Danny Boyle ucieszył widzów Festiwalu Filmowego w Telluride w Kolorado. Przed wczorajszą premierą swego najnowszego filmu "Steve Jobs" zapewnił, że jego następnym projektem będzie "Trainspotting 2". Dodał, że chciałby, by film wszedł na ekrany kin już w 2016 roku, czyli dwadzieścia lat po premierze oryginału.
O ile wszystkim uda się pogodzić plany zawodowe, w wytęsknionej przez kinomanów produkcji wystąpią Ewan McGregor, Ewen Bremner, Jonny Lee Miller i Robert Carlyle, czyli oryginalna obsada z 1996 roku.
Już nie taki "straszny wstyd"
O nakręceniu sequela swej legendarnej produkcji Boyle wspominał już od dawna. Dokładnie mówiąc - od 2002 roku, kiedy to Irvine Welsh, autor literackiego pierwowzoru, opublikował powieść "Porno". Powrócił w niej do rzeczywistości edynburskich heroinistów, osadzając akcję dziesięć lat później w stosunku do zdarzeń opisanych w "Trainspotting". Dlaczego więc tyle czasu trwało, by po powiedzeniu "A" powiedzieć "B"?

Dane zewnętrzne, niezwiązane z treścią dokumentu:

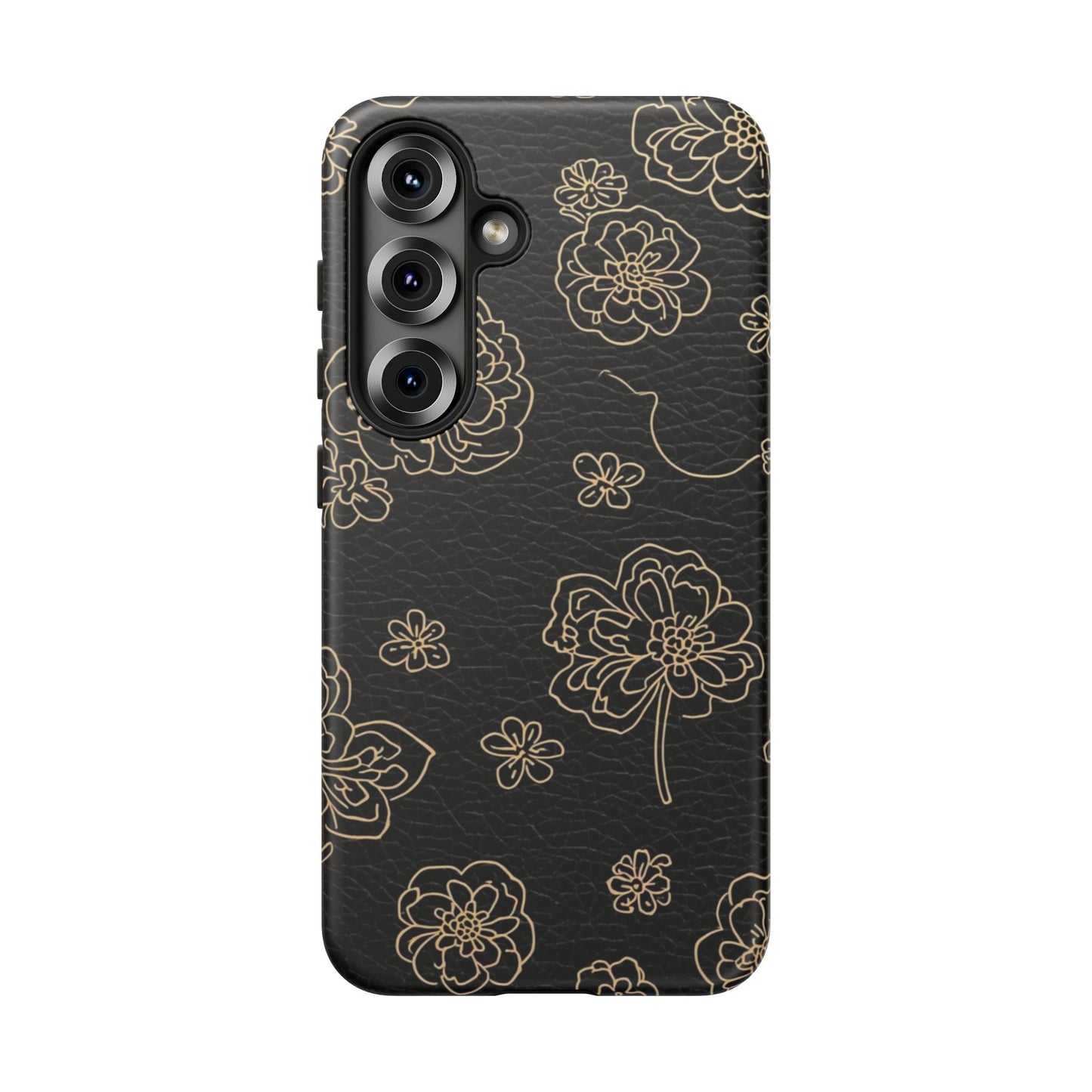 Floral Leather-Texture Tough Case – Black Gold Outline Phone Cover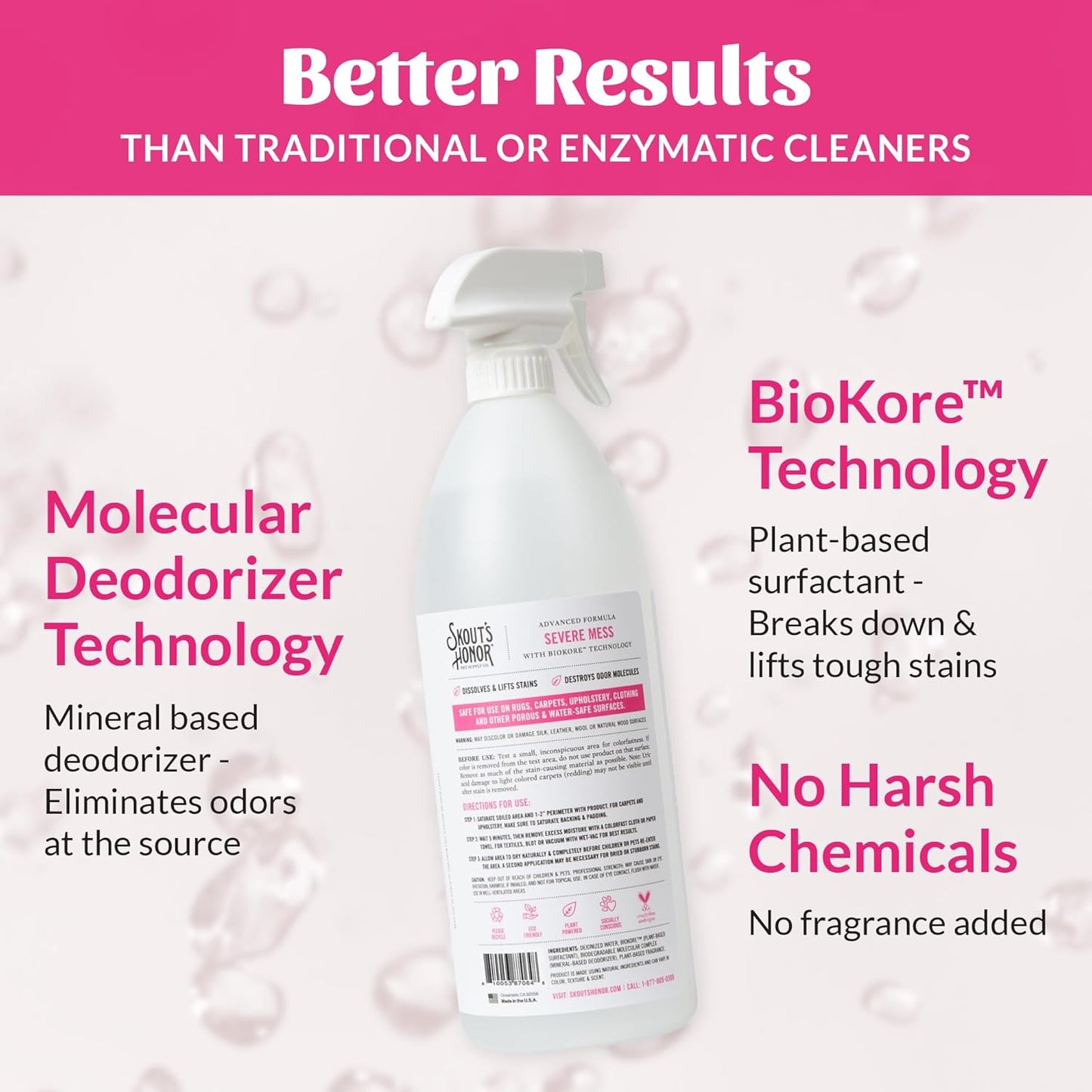 Skout's Honor Cat Severe Mess Stain & Odor Remover - Advanced Formula for Tackling the Worst Cat Messes, Eco-Friendly Formula for Carpets and Home, 35 oz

W tak zwanym międzyczasie zepsuły się relacje reżysera z Ewanem McGregorem, niekwestionowaną gwiazdą w jego trzech wcześniejszych filmach. Aktor obraził się, gdy został pominięty przy obsadzie "Plaży", w której główną rolę dostał Leonardo DiCaprio. Na szczęście, ku uciesze kinomanów, po wielu latach panowie wreszcie zdecydowali się zejść z wojennej ścieżki. - To była niefortunna sytuacja, z którą nie poradziliśmy sobie dobrze. Byłem bardzo zdenerwowany, ale minęło sporo czasu, już nie chowamy złych uczuć - mówił w jednym z wywiadów McGregor . I choć przed pojednaniem zarzekał się, że sequel "Trainspotting" to będzie "straszny wstyd ", już po pogodzeniu się z Boylem oznajmił: - Brakuje mi pracy z Dannym. Zrobiłem z nim kilka moich najlepszych filmów, do tej pory jest moim ulubionym reżyserem.
Narkoporno
Po tych optymistycznie brzmiących wypowiedziach za pisanie scenariusza do "Trainspotting 2" ochoczo wziął się scenarzysta pierwszej części, John Hodge, który pracował z Boylem także przy produkcjach "Życie mniej zwyczajne" i '"Plaża". Reżyser zaś wkrótce ogłosił, że scenariusz jest świetny. Jednocześnie zapewnił, że ma świadomość, iż realizując sequel kultowego filmu, bierze na siebie olbrzymią odpowiedzialność.